2. Does the best-fit member provide a good fit (in terms of generating a probability plot with a high correlation coefficient)?
3. Does this distributional family provide a good fit compared to other distributions?
4. How sensitive is the choice of the shape parameter?

==Comparing distributions==
In addition to finding a good choice for estimating the shape parameter of a given distribution, the PPCC plot can be useful in deciding which distributional family is most appropriate. For example, given a set of reliability data, one might generate PPCC plots for a Weibull, lognormal, gamma, and inverse Gaussian distributions, and possibly others, on a single page. This one page would show the best value for the shape parameter for several distributions and would additionally indicate which of these distributional families provides the best fit (as measured by the maximum probability plot correlation coefficient). That is, if the maximum PPCC value for the Weibull is 0.99 and only 0.94 for the lognormal, then one could reasonably conclude that the Weibull family is the better choice.
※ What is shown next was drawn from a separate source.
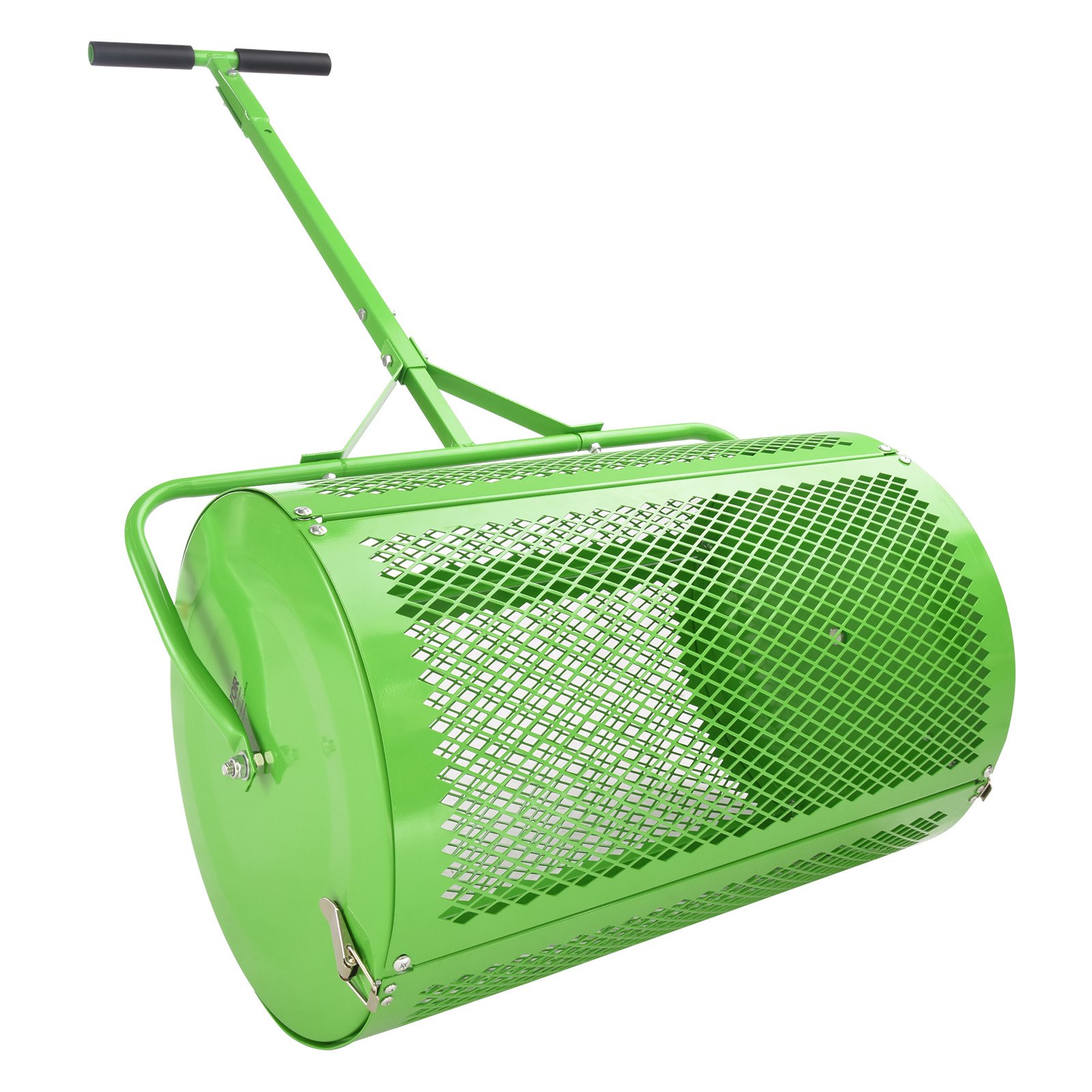 VEVOR Kompoststreuer und Torfstreuer, 61 cm großer Rasenstreuer zum Schieben/Anhängen mit höhenverstellbarem T-förmigem Griff, Gartenstreuer mit Stahlgitterkorb zum Ausbringen von Mist und Mutterboden, grün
When comparing distributional models, one should not simply choose the one with the maximum PPCC value. In many cases, several distributional fits provide comparable PPCC values. For example, a lognormal and Weibull may both fit a given set of reliability data quite well. Typically, one would consider the complexity of the distribution. That is, a simpler distribution with a marginally smaller PPCC value may be preferred over a more complex distribution. Likewise, there may be theoretical justification in terms of the underlying scientific model for preferring a distribution with a marginally smaller PPCC value in some cases. In other cases, one may not need to know if the distributional model is optimal, only that it is adequate for our purposes. That is, one may be able to use techniques designed for normally distributed data even if other distributions fit the data somewhat better.

==Tukey-lambda PPCC plot for symmetric distributions==

The Tukey lambda PPCC plot, with shape parameter λ, is particularly useful for symmetric distributions. It indicates whether a distribution is short or long tailed and it can further indicate several common distributions. Specifically,
1. λ = −1: distribution is approximately Cauchy
2. λ = 0: distribution is exactly logistic
3. λ = 0.14: distribution is approximately normal
4. λ = 0.5: distribution is U-shaped
5. λ = 1: distribution is exactly uniform(−1, 1)
If the Tukey lambda PPCC plot gives a maximum value near 0.14, one can reasonably conclude that the normal distribution is a good model for the data. If the maximum value is less than 0.14, a long-tailed distribution such as the double exponential or logistic would be a better choice. If the maximum value is near −1, this implies the selection of very long-tailed distribution, such as the Cauchy. If the maximum value is greater than 0.14, this implies a short-tailed distribution such as the Beta or uniform.

The Tukey-lambda PPCC plot is used to suggest an appropriate distribution. One should follow-up with PPCC and probability plots of the appropriate alternatives.